Since its inception the HOPE not hate campaign has developed into Britain’s main anti-fascist organisation. There are dozens of local HOPE not hate groups, many producing regular local bulletins, and thousands of supporters. Nationally, we have the backing of all the trade unions and even the Daily Mirror, Britain’s second biggest selling newspaper. The link with the Daily Mirror has taken the campaign on to a new level. It has given us respectability and through special 8-page anti-BNP supplements and regular articles in the newspaper, allowed us to reach millions of people.

Alongside local bulletins and leaflets we produce regular tabloid newspapers, often customised for each key local area. This allows us to address local issues of concern. In Barking and Dagenham, in East London, we have used the tabloid to address housing; in Keighley, in West Yorkshire, our tabloid took on the BNP myths of child sex grooming by Asian men.

However, we have also deployed more advanced campaigning techniques, including telephone canvassing and direct mail. One of our most successful tools is the local endorser leaflets, particularly in the run up to crucial council elections. Through our local groups we identify key people in the community, who are respected often for the positive work they do in a local area, and get an anti-BNP endorsement or help them produce a letter which is then hand-delivered to local houses.

As anti-fascists we are fighting a defensive battle in an increasingly difficult climate, most of which is out of our control. However, we like to think that we have made a difference. One intensive campaign in Sandwell, in the West Midlands, has seen the BNP vote halved in two years – from an average of 33% to just 17.5%. Similar successes have been witnessed in Bradford and Kirklees (both Yorkshire) and Oldham, on the edge of Manchester.

With Britain entering a deep and very painful recession we recognise that our job will get even harder. As unemployment doubles and people look beyond mainstream parties for answers, the racist pandering of the BNP will become even more attractive. We not only have redoubled our efforts to remind people of the true politics of the BNP but we also need to explain why they don’t have the answers to the economic crisis.
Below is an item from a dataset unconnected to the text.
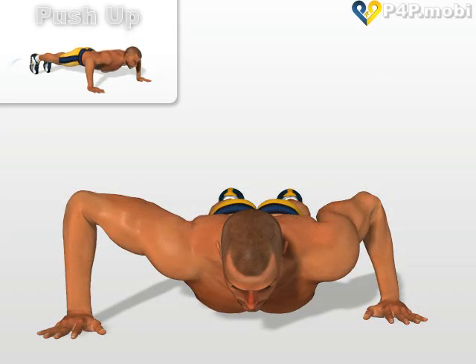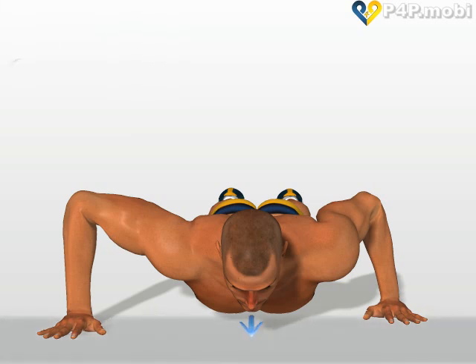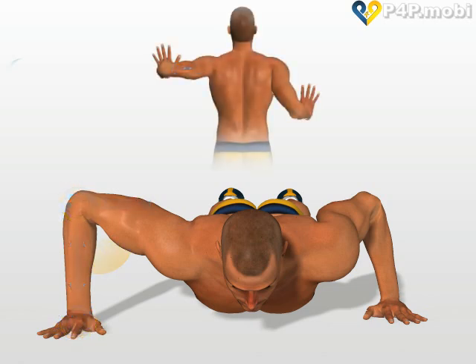This exercise is a very advanced variant of the push-up. Your chest slightly off the ground. One hand in a vertical line with the elbow, so that the arm forms a right angle. The other hand is slightly behind the pectoral.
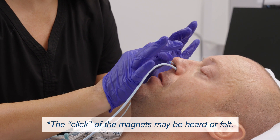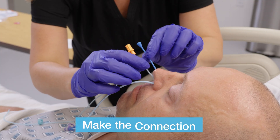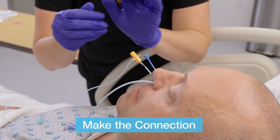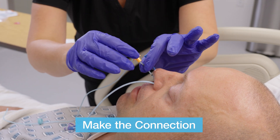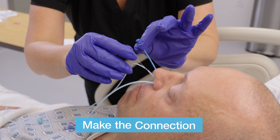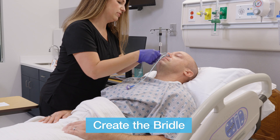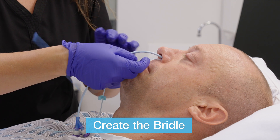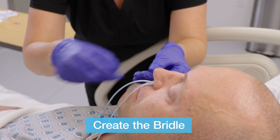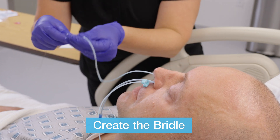It may be necessary to gently twist the probes or move them up and down to encourage contact between the magnets. If no contact has occurred, then advance both the bridal tubing and the probe. Once contact has occurred, slowly withdraw the probe and allow the bridal tubing to advance through the nose. Continue until the two black markings on the bridal tubing are completely pulled up and through one nostril, and at least a couple inches outside the opposite nostril. This creates a loop, or bridle, around the vomer bone.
Britain has not witnessed the far right gains made across much of Europe but the European Elections could change all that. Against the backdrop of a collapsing economy and the political weakness of the British left, the BNP will be hoping that success in these elections will give them the profile and respectability to fill the vacuum that clearly exists amongst working class people in Britain. The HOPE not hate campaign will be our biggest yet but the stakes are very high.

Nick Lowles is the editor of Searchlight Magazine.